» Task prompt
Give back only the line containing "Bí thư Thành" and every line after it through the end of the data below, transcribed exactly.

Content starts

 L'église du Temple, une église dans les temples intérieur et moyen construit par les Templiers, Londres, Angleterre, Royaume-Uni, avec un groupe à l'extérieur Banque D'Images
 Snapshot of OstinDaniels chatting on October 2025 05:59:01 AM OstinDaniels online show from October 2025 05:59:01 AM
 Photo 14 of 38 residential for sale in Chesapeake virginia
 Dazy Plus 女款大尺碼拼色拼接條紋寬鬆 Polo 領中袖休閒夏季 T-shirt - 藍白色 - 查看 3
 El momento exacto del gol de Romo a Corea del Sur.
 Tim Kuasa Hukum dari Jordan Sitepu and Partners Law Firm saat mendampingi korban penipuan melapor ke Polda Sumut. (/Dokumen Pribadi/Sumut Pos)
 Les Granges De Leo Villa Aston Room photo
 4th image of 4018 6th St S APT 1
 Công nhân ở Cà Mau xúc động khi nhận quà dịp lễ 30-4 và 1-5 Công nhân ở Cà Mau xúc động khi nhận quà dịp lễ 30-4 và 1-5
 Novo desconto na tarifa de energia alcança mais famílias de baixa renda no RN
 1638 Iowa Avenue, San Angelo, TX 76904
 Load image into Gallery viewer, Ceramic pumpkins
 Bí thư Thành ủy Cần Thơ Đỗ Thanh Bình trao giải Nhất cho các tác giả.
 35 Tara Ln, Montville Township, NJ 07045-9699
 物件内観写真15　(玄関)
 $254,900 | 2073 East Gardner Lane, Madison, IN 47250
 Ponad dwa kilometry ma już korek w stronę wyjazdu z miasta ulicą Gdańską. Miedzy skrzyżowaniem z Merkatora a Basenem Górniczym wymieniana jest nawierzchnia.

Content ends

» The answer
 Bí thư Thành ủy Cần Thơ Đỗ Thanh Bình trao giải Nhất cho các tác giả.
 35 Tara Ln, Montville Township, NJ 07045-9699
 物件内観写真15　(玄関)
 $254,900 | 2073 East Gardner Lane, Madison, IN 47250
 Ponad dwa kilometry ma już korek w stronę wyjazdu z miasta ulicą Gdańską. Miedzy skrzyżowaniem z Merkatora a Basenem Górniczym wymieniana jest nawierzchnia.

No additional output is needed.